When autoResultMap is enabled, MP generates a ResultMap that maps column="user_name" to property="userName". But if the SQL also adds an AS userName alias, the ResultSet column name becomes userName, while the ResultMap expects user_name. They don’t match.

This mismatch became fatal after MyBatis PR #895 (included in MyBatis 3.4.3), which tightened auto-mapping behavior. Previously, if a ResultMap’s explicit column mapping failed to match, MyBatis would fall back to auto-mapping.
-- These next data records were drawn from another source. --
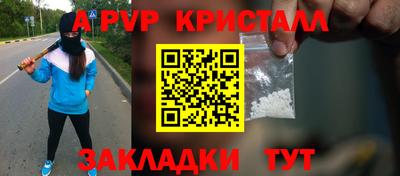 ALPHA PVP Новозыбков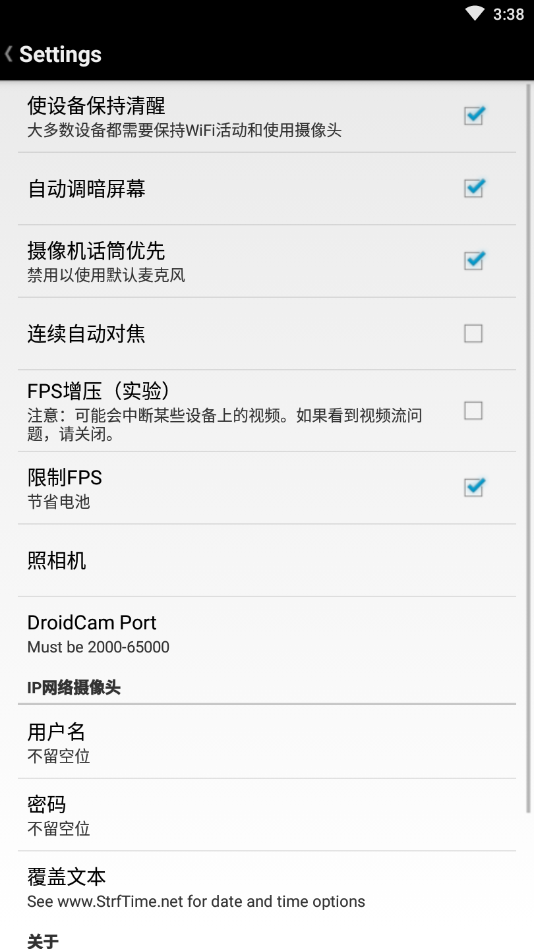 DroitCamX最新汉化版app截图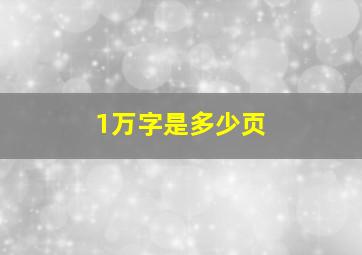 1万字是多少页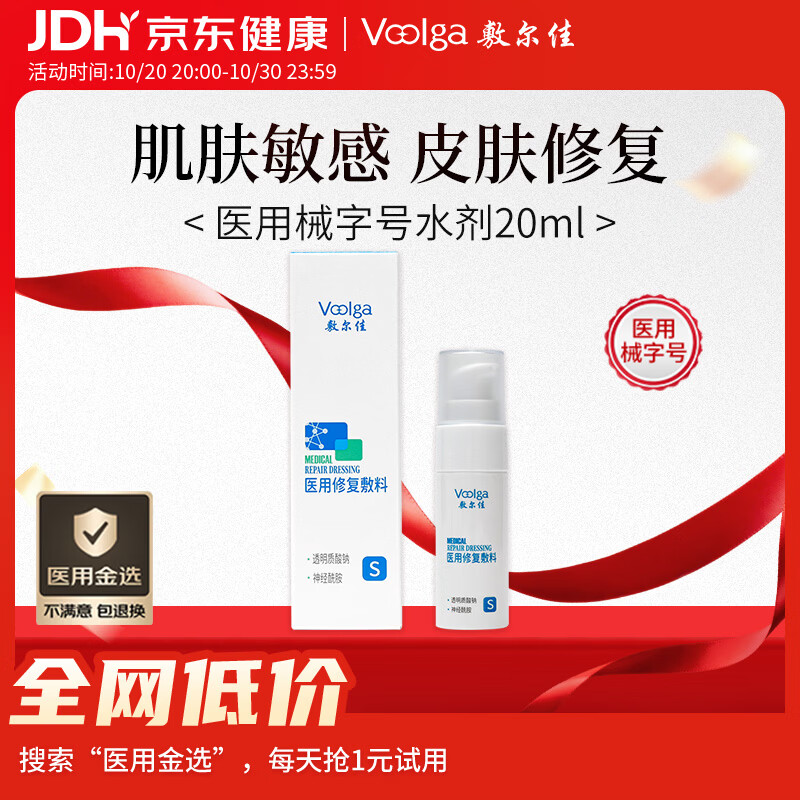 敷尔佳【试用装】医用械字号水剂敷料20ml晒后修复激素皮炎医美术后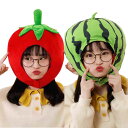 かぶりもの マスク 野菜 おもしろ 果物 フルーツ かわいい コスプレ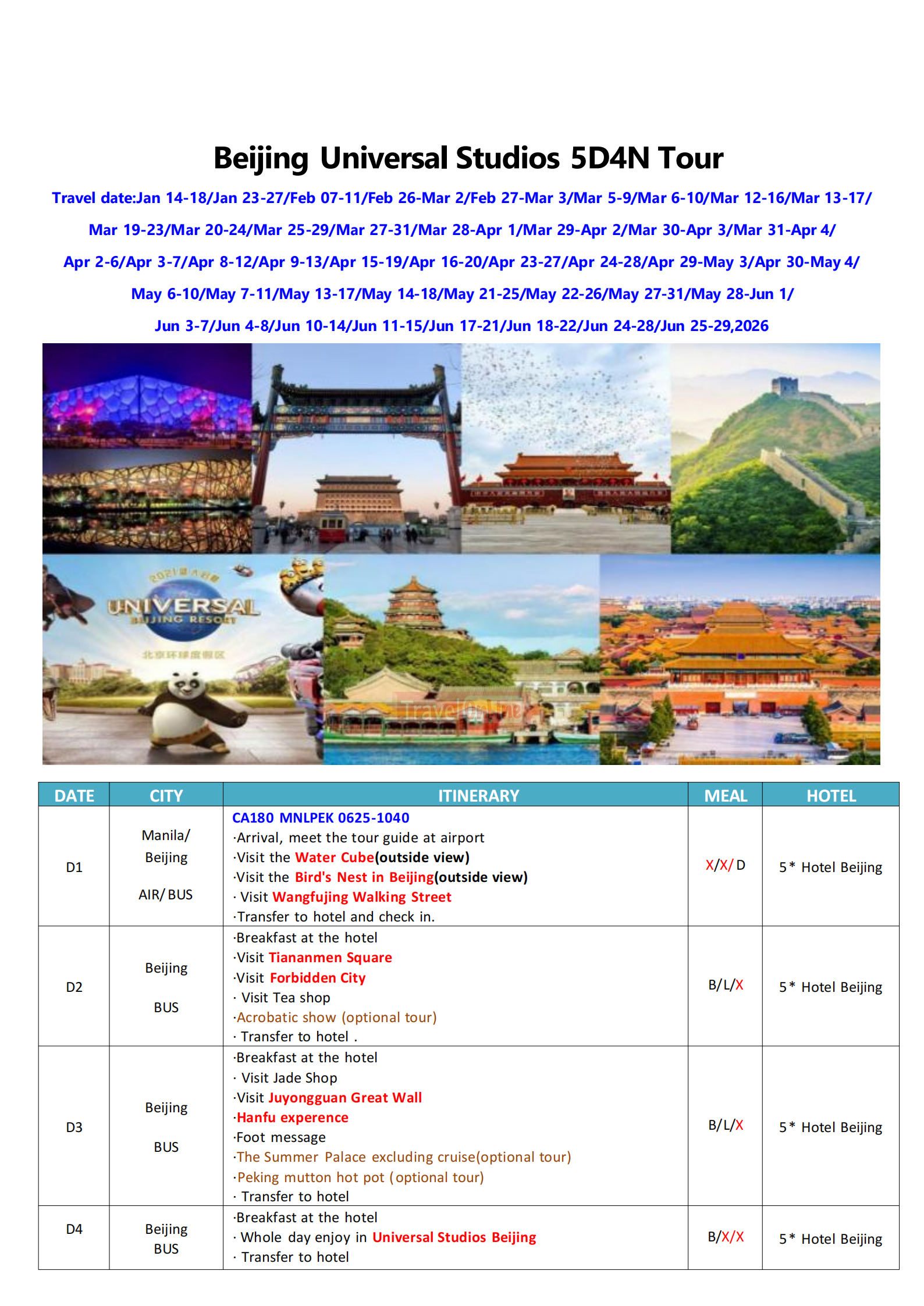 Beijing+Universal Studios 5D4N，2026: AS LOW AS $539/PAX itinerary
After the fix, properties already declared in a ResultMap are skipped by auto-mapping — no fallback.

The original PR fixed a real bug: when a table has columns phone and phone_number, and the ResultMap maps phone_number to property phone, auto-mapping would also map column phone to property phone — silently overwriting the explicit mapping with the wrong value. The fix was correct: explicit mappings should not be overridden by auto-mapping.

But as a side effect, MP had to choose: either keep aliases (and break ResultMap column matching) or drop aliases (and rely on ResultMap for all column-to-property mapping). They chose the latter — when autoResultMap is enabled, aliases are omitted from the generated SQL.

Since this changes SQL generation behavior, enabling it by default could break existing applications. So autoResultMap stays false by default, and users discover the hard way that their @TableField(typeHandler=...) only works for inserts and updates — not queries. For new projects, enabling it at the entity level is safe — just be aware it changes how MP generates SELECT statements.